Compaction is a future concern. A 100K-trace log replays in seconds; below that scale, JSONL append is the simplest correct choice. When compaction lands, the format will be: snapshot file (full state JSON) + tail JSONL since snapshot. Detect snapshot, load it, then replay tail.
Cycle safety
UIDs are generated server-side via uuid.New() (existing dep —
catalogd uses it). New UID for every Add and Revise. The data
model itself can't form cycles — every Revise points at an
EXISTING uid, and the new uid didn't exist a moment ago.

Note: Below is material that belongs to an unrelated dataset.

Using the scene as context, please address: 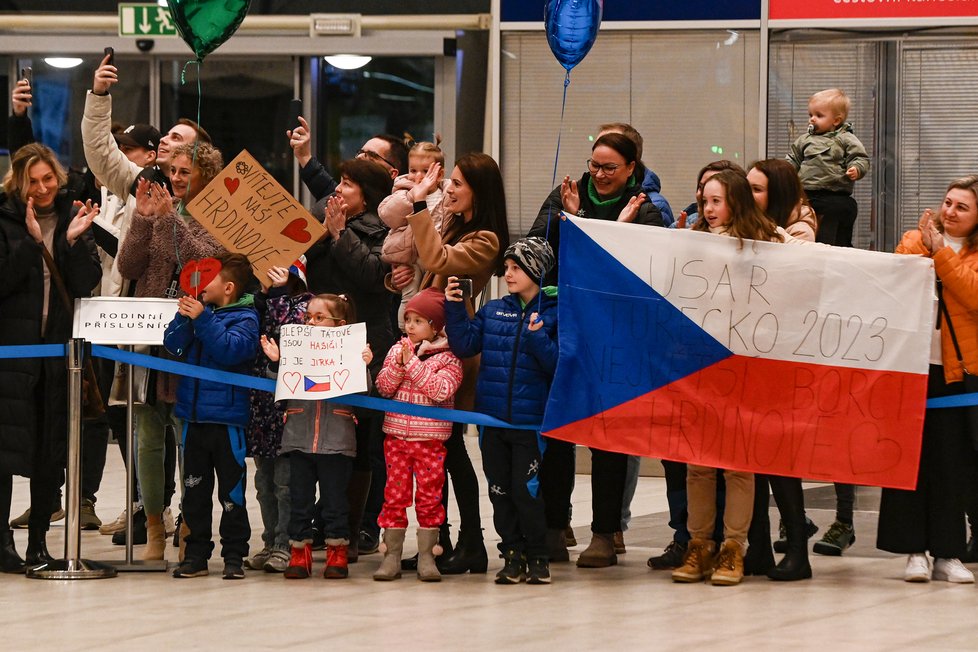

History walks defensively anyway: visited-set tracks UIDs seen this walk; if we encounter a duplicate, return error. Protects against corruption (manual edit, bug in a future op) without constraining the happy path.
Storage location
JSONL file path is configurable per store. Default:
/var/lib/lakehouse/pathway/<name>.jsonl for prod; tests use
t.TempDir(). Persistence is OPTIONAL — empty path means
in-memory only (matches vectord G1's pattern).
What this ADR does NOT do
- No HTTP surface decision. Whether
cmd/pathwaydis its own binary or routes get added tocmd/vectordis the next ADR's concern. The substrate is a pure library either way. - No vector index integration. Pathway traces can carry a
vector embedding in
Content(caller decides), but this ADR doesn't define how the substrate integrates withvectord's HNSW indexes. That's the staffing co-pilot's design problem when those layers compose. - No agent-loop semantics. "When does an agent ADD vs REVISE?" is a workflow decision, not a substrate decision.
(Future ADRs from ADR-005 onward will be added as the Go implementation accrues design decisions — e.g. observer fail-safe semantics, distillation rebuild, gRPC adapter wire format, etc.)